Year 2000 Computing Crisis:
Testing and Other Challenges Confronting Federal Agencies
T-AIMD-98-218, Jun 22, 1998
GAO discussed: (1) the year 2000 risks facing the government; (2) major concerns with the government's progress in fixing its systems; and (3) guidance on year 2000 testing, which is designed to assist agencies in the most extensive and expensive part of remediation.

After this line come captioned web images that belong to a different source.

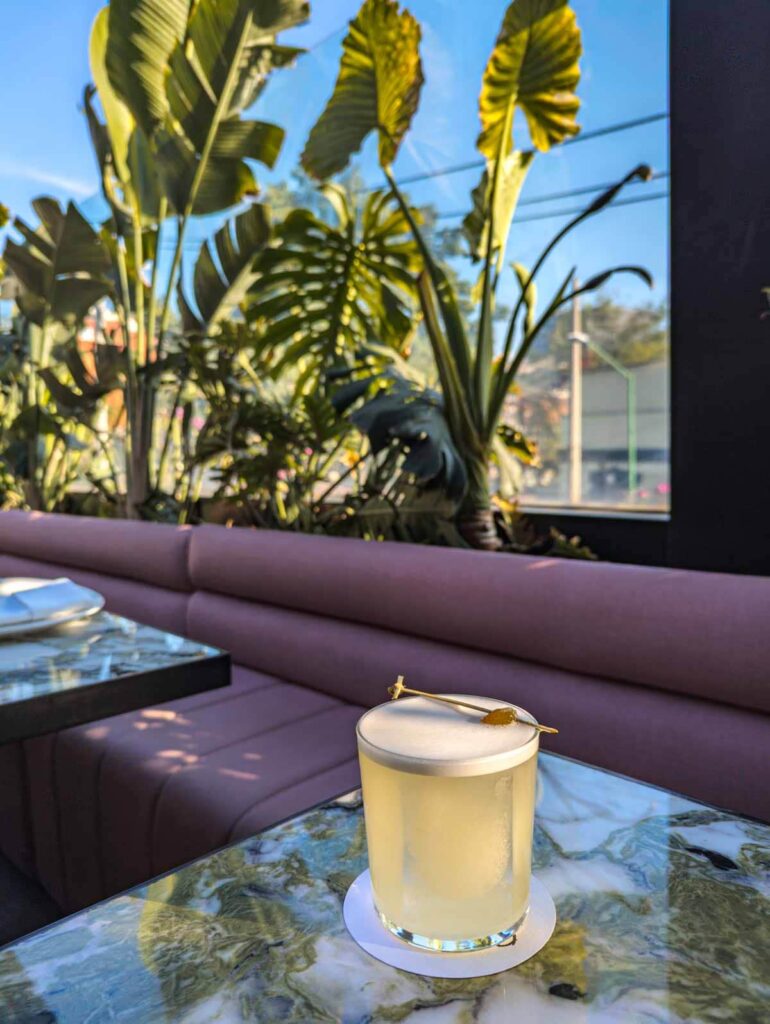 A frothy cocktail on a table at Balmori rooftop bar in Mexico City. Behind the cocktail is a pink couch and tropical plants.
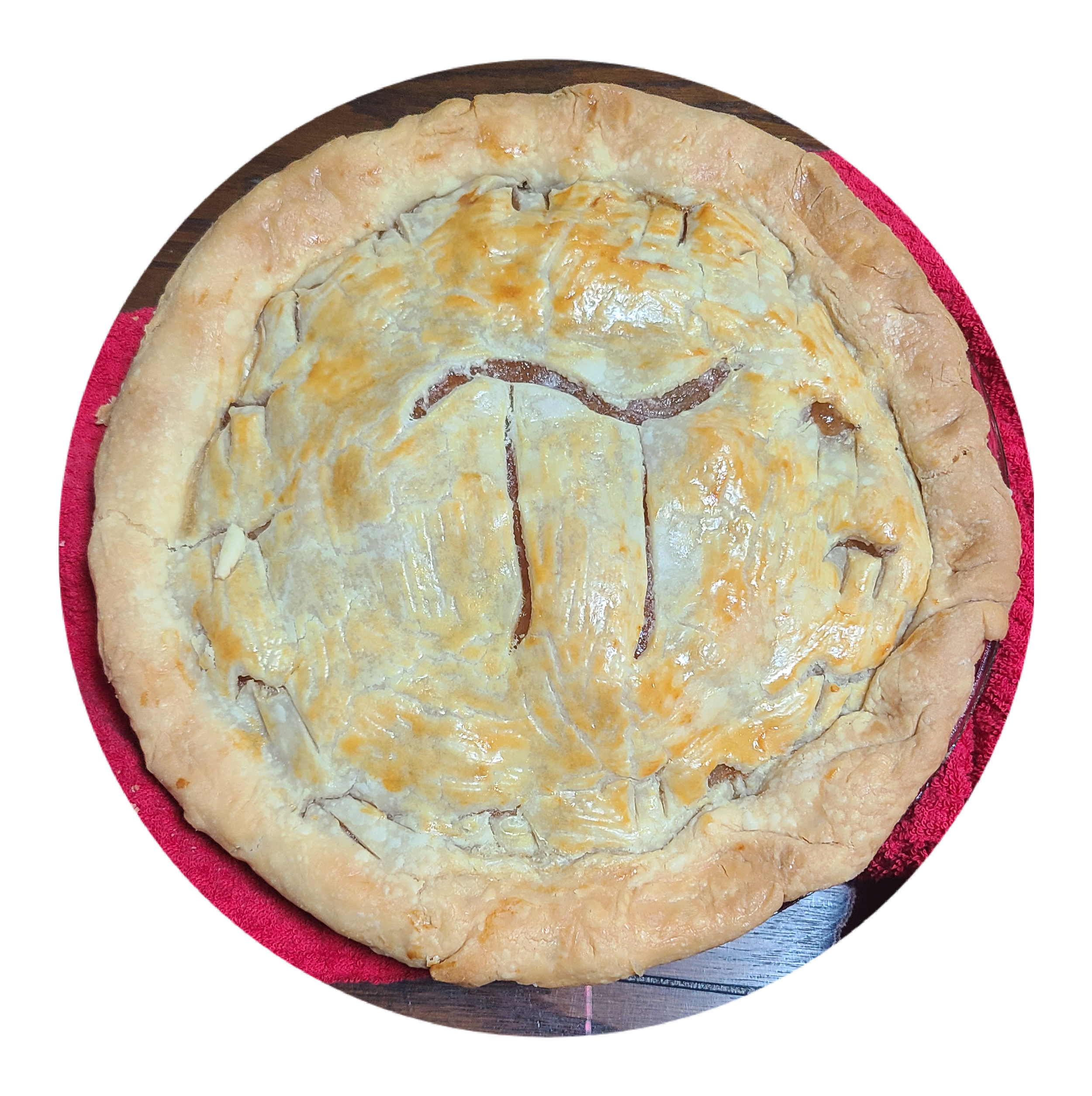 An apple pie with a golden, slightly brown crust showing the Greek symbol for Pi  sitting on a red cloth on a wooden surface.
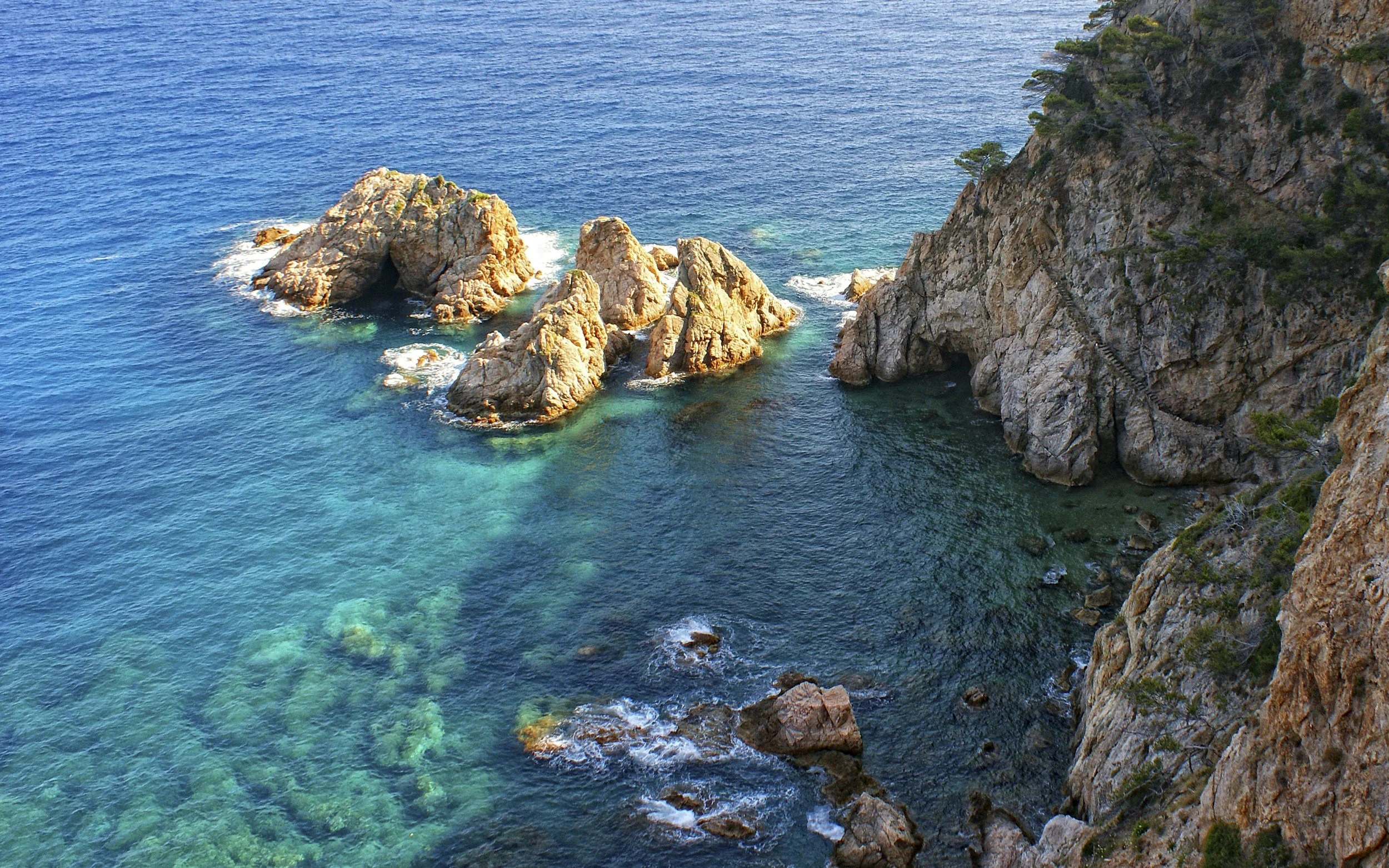 A coastal scene with turquoise water, several boats anchored near rocky shoreline, and a rocky hillside covered with green trees under a clear blue sky.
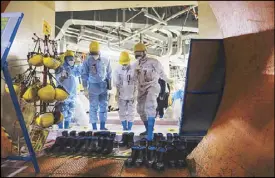  ?? EPA ?? Inspection officers enter the containmen­t vessel of the Unit 5 reactor building at the tsunami-crippled Fukushima Dai-ichi nuclear plant in Futaba on Friday.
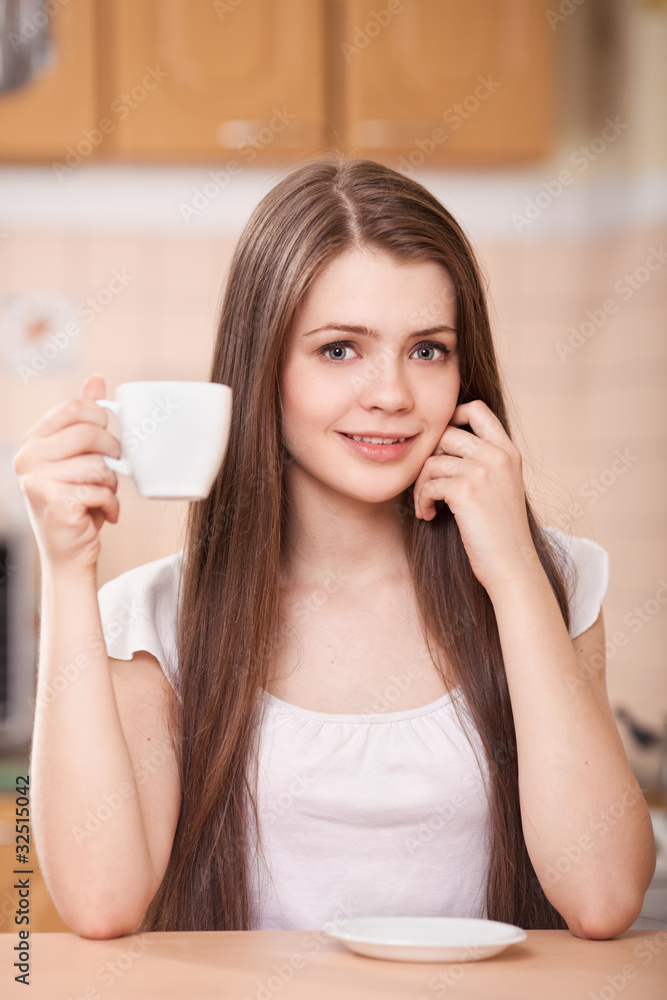 beautiful happy young woman drinking coffee at home beautiful happy young woman drinking coffee at home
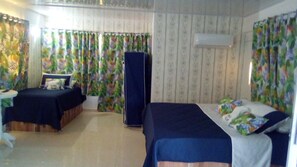A hotel room with two beds, a wardrobe, and curtains with a tropical pattern.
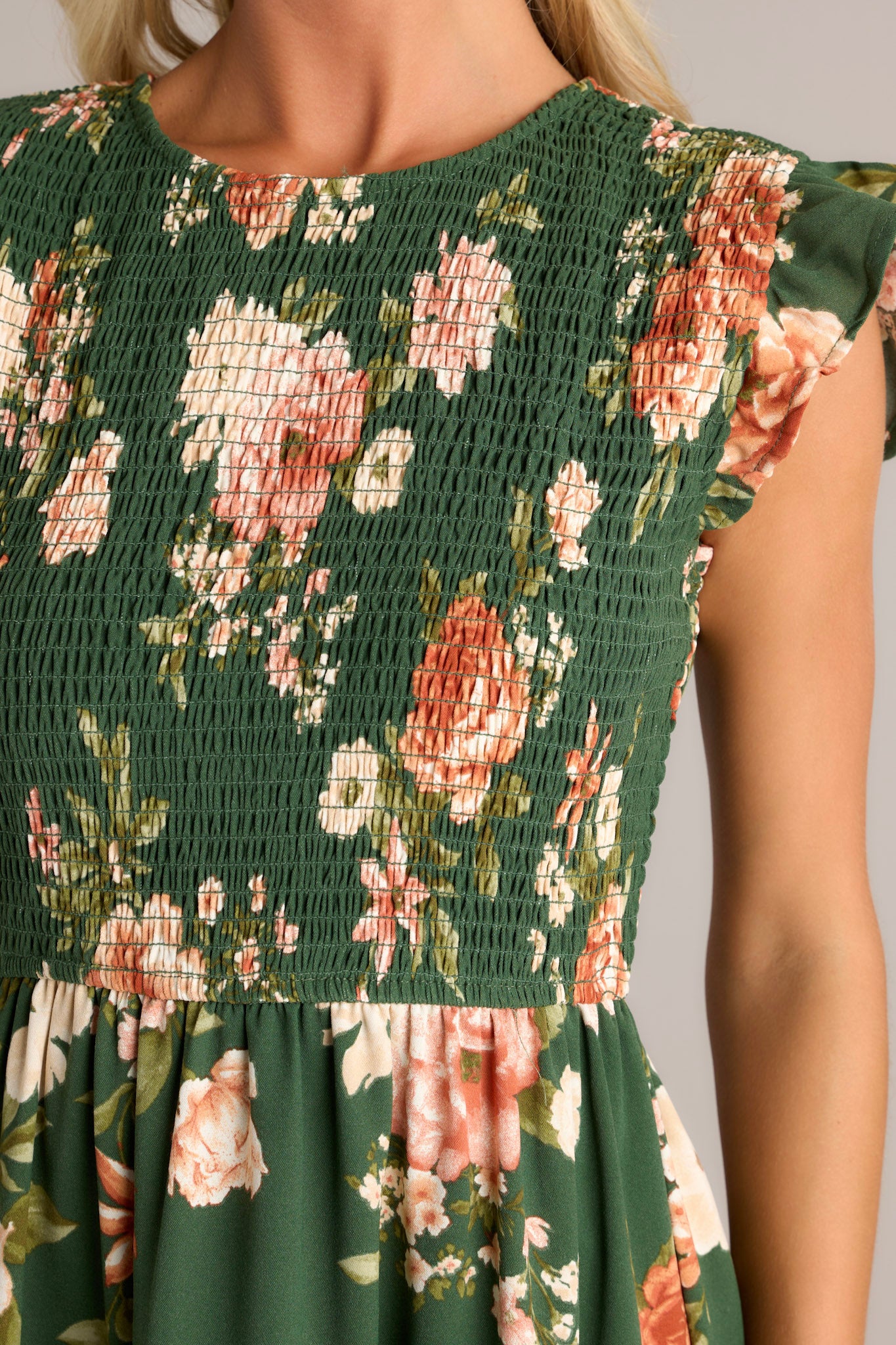 Close-up of the green dress showing the high neckline, fully smocked bodice, short ruffle sleeves, and tiered design.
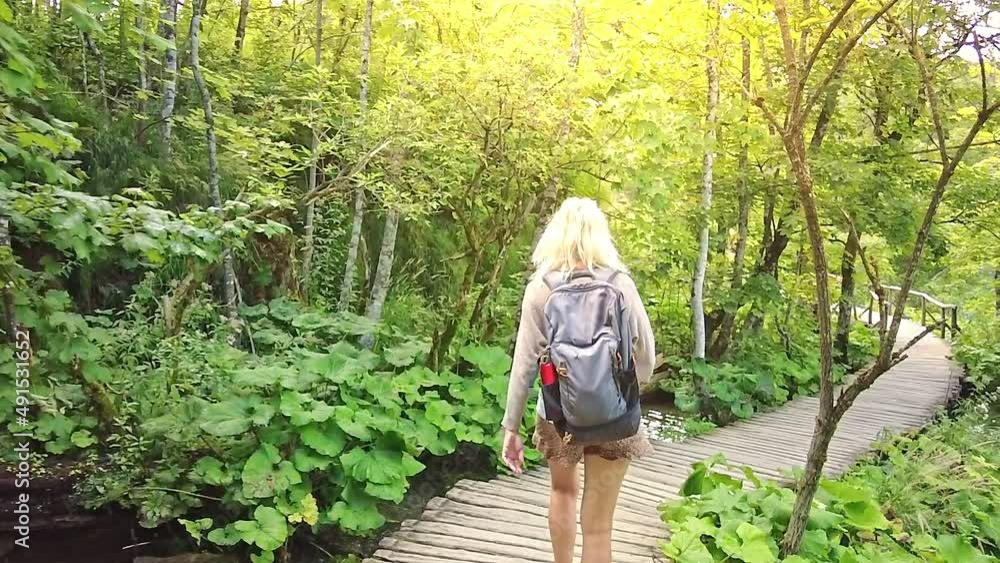 SLOW MOTION: girl backpacker walking on the jetty bridge of Plitvice Lakes National Park in Croatia in the Lika region. UNESCO World Heritage of Croatia named Plitvicka Jezera.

GAO noted that: (1) addressing the year 2000 problem in time will be a tremendous challenge for the federal government; (2) to complicate matters, agencies must consider the computer systems belonging to federal, state, and local governments; the private sector; foreign countries; and international organizations that interface with their systems; (3) the year 2000 could cause problems for the many facilities used by the federal government that were built or renovated within the last 20 years and contain embedded computer systems to control, monitor, or assist in operations; (4) if agencies neglect any of these issues, the impact of year 2000 failures could be widespread, costly and potentially disruptive to vital government operations worldwide; (5) overall, the government's 24 major departments and agencies are making slow progress in fixing their systems; (6) many agencies were not adequately acting on critical steps to establish priorities, solidify data exchange agreements, and develop contingency plans; (7) some agencies are not adequately prepared for testing their systems for year 2000 compliance; (8) complete and thorough year 2000 testing is essential to provide reasonable assurance that new or modified systems process dates correctly and will not jeopardize an organization's ability to perform core business operations after the millenium; (9) since the year 2000 computing problem is so pervasive, the requisite testing is extensive and expensive; (10) to address the testing problem, GAO issued a new installment of its year 2000 guidance which addresses the need to plan and conduct year 2000 tests in a structured and disciplined fashion; (11) if effectively implemented, the guide should help federal agencies successfully negotiate the complexities involved with the year 2000 testing process; and (12) however, the success of the government's year 2000 remediation efforts ultimately hinges on setting governmentwide priorities, ensuring that agencies set priorities and develop contingency plans consistent with these priorities, developing an accurate picture of remediation progress, designating lead agencies for end-to-end testing efforts, and addressing other critical issues such as recruiting and retaining qualified information technology personnel.